A decisão repercutiu como uma grande generosidade do imperador, mas muitas pessoas na época não deixaram de notar uma contradição: escravizados públicos estavam sendo alforriados para assentar praça e suprir uma demanda do Exército; uma medida muito mais de cunho político-militar do que emancipacionista. Eram corpos liberados do cativeiro para morrer em batalha.

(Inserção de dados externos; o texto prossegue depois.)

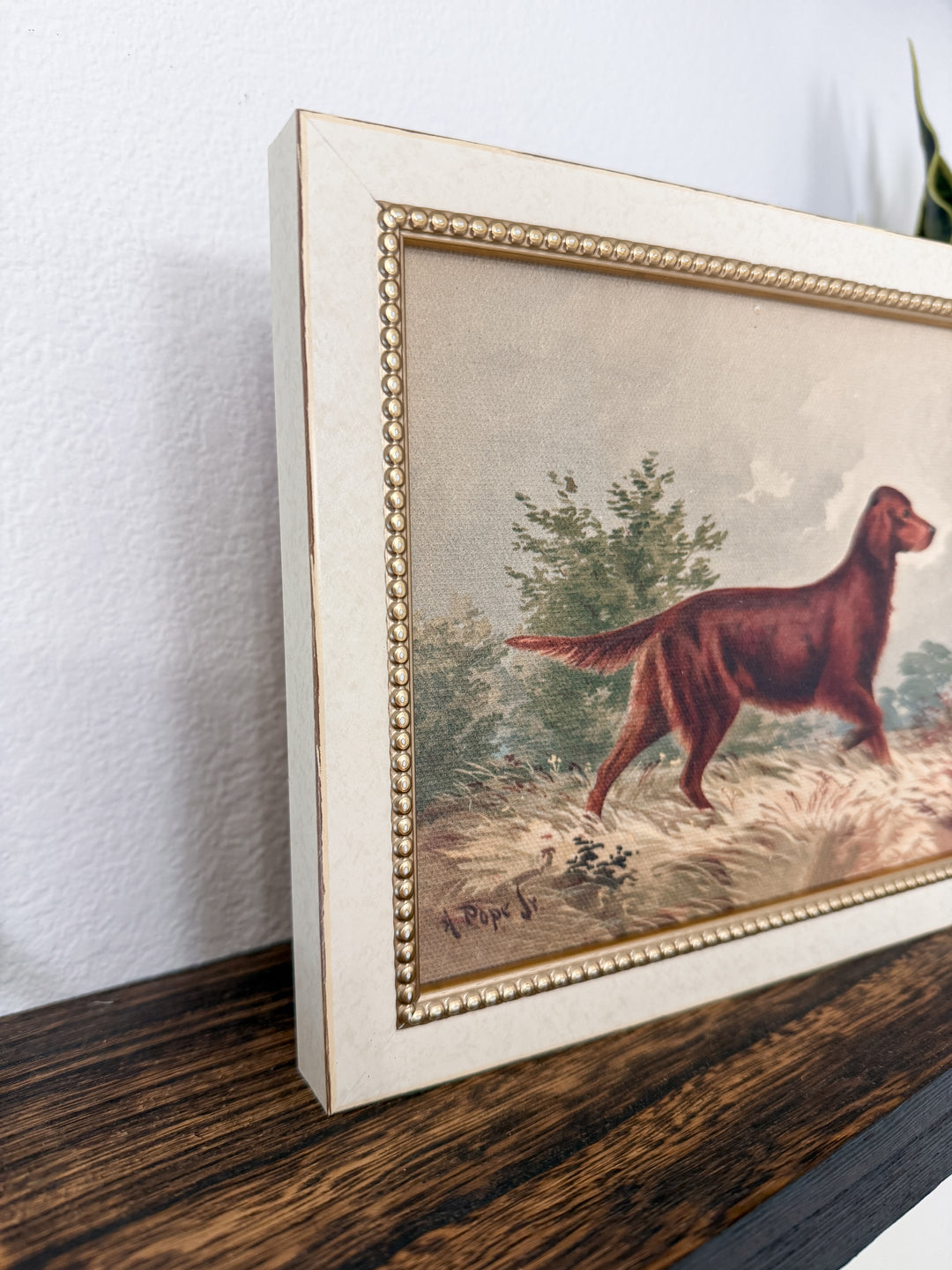 Sporting Companion Framed Art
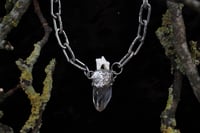 Image 3 of Dead Good fox tooth and quartz necklace 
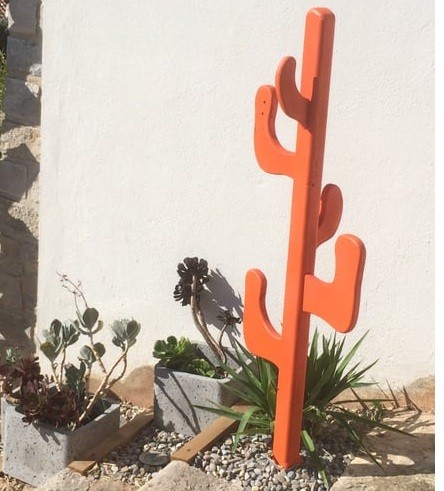 Cactus rouge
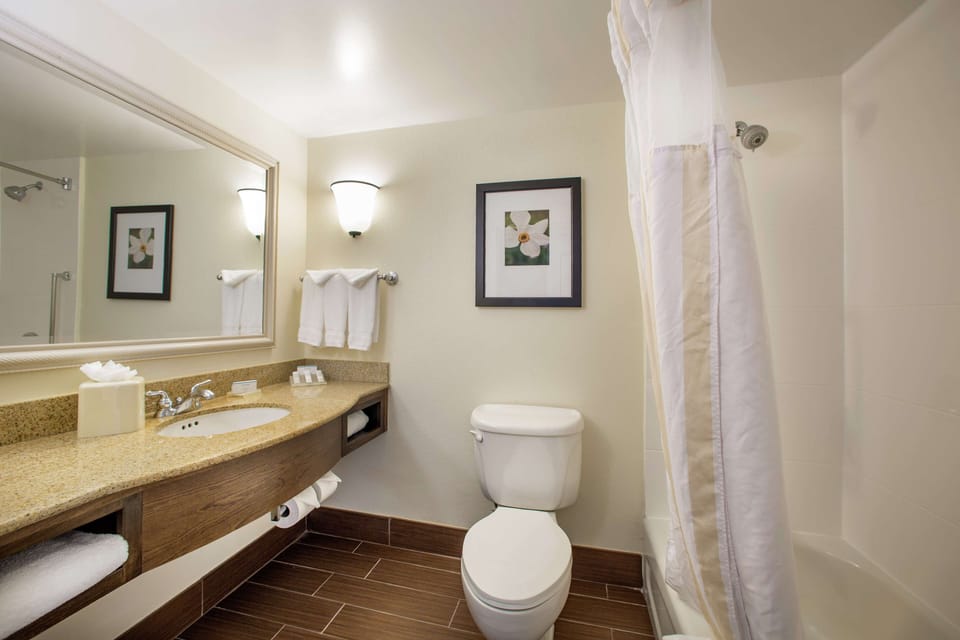 Combined shower/tub, free toiletries, hair dryer, towels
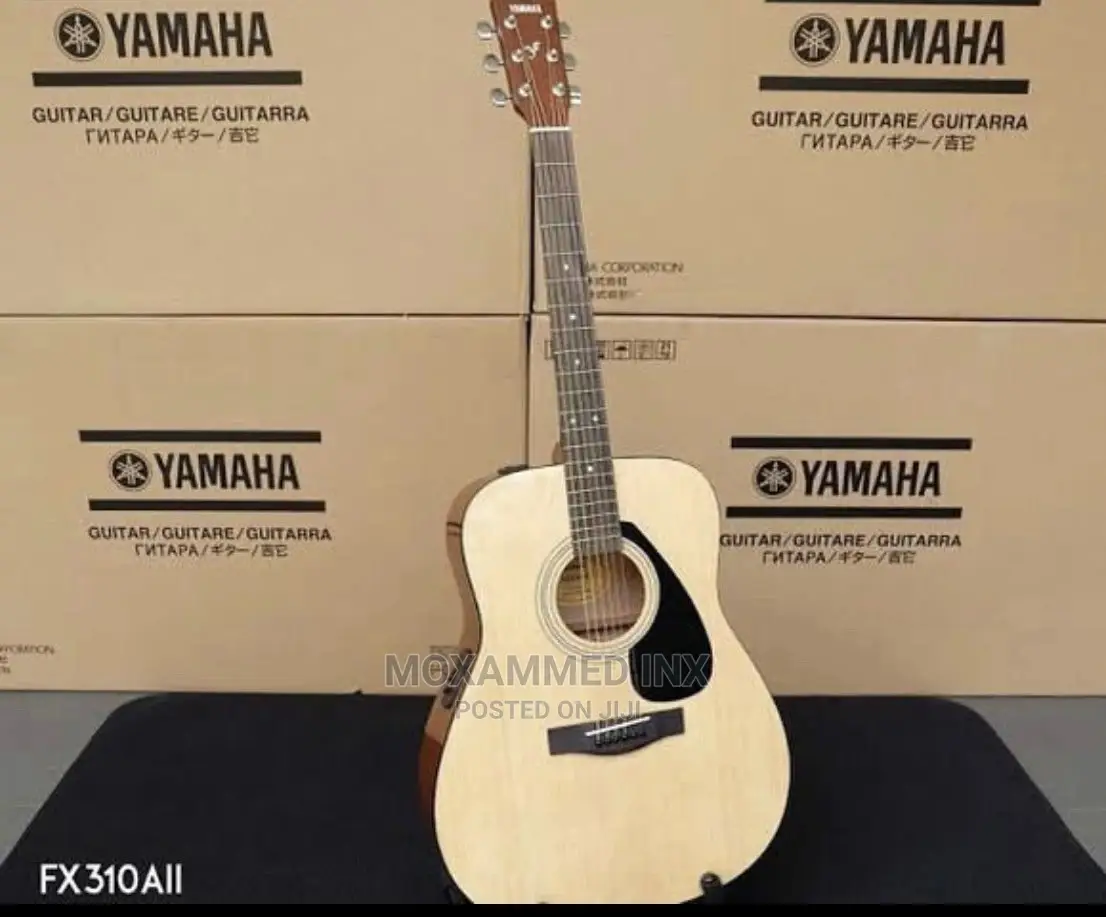 Electric Guitar Fx310all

A historiografia tem demonstrado as ambiguidades do governo brasileiro em relação à abolição. "O Império procurava extinguir a escravidão, ainda que gradualmente, mas durante boa parte da existência de escravos da nação esta postura era superficial e o que foi feito foi insignificante. O debate político e a manifestação explícita do governo sobre a existência de escravos públicos como uma contradição em sua postura mais liberal e abolicionista só ocorreram nas duas últimas décadas que antecederam a abolição", afirma Ilana Rocha. Ainda segundo a historiadora, "já tinha ocorrido no Império, por parte do Imperador, uma grande quantidade de alforrias de escravos públicos, mais por sua conveniência, liberalidade ou generosidade do que por outra razão. Ou lhe faltavam condições para ir além ou lhe interessava ser generoso e paternalista".

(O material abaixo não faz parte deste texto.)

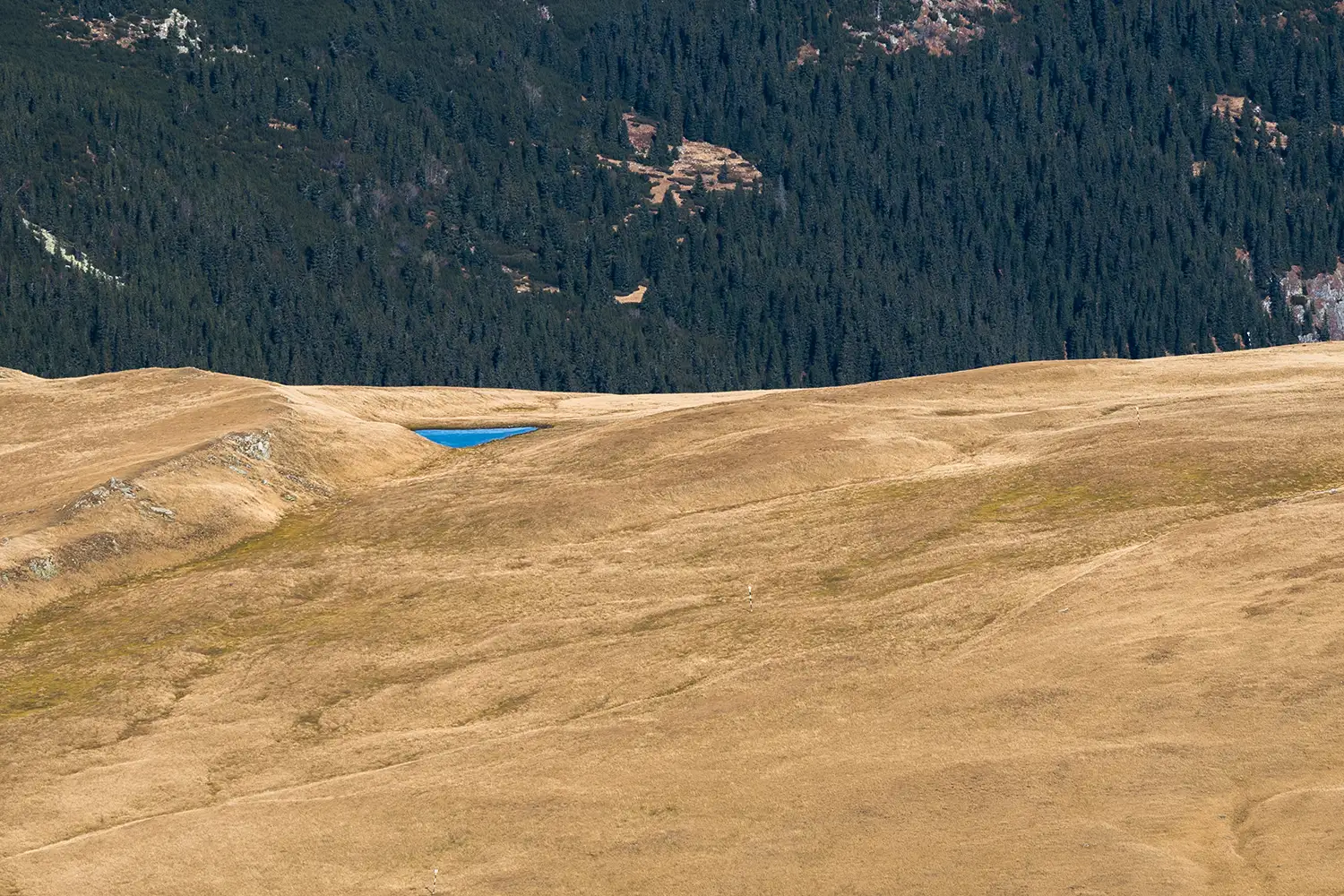 Munții Piule-Iorgovanu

Apesar das intenções liberais do imperador, os órgãos máximos do Estado brasileiro atuaram, durante boa parte do Segundo Reinado, em benefício das classes senhoriais, consistindo nisso a estabilidade institucional da escravidão, favorecida por alianças políticas e sociais que se costuraram sob o Império do Brasil. Mesmo com a proibição do tráfico negreiro, em 1831, essas alianças continuaram operando para garantir o contrabando de africanos escravizados, o que pode ser considerado como o primeiro grande crime do Estado brasileiro.


Conclusão: LOROTA!


Durante o Segundo Reinado, o Estado brasileiro possuía escravizados e a Casa Imperial usufruía dos serviços prestados pelos "escravos da nação". Ainda que estes não fossem propriedade particular da família imperial, as relações patrimonialistas vigentes não nos permitem distinguir com clareza o que era público e o que era privado no mundo palaciano. Nem todos os negros que trabalhavam nos imóveis da família imperial recebiam salários ou eram alforriados, conforme atesta a historiografia a partir da documentação disponível. Embora fosse prática comum o imperador conceder alforrias, a "escravidão pública" só seria abolida em 1871 após pressões do movimento emancipacionista. Desse modo, o agente especial MarcBot e nossa equipe só podem concluir que não procede a narrativa verificada pela Projeto Detecta neste artigo.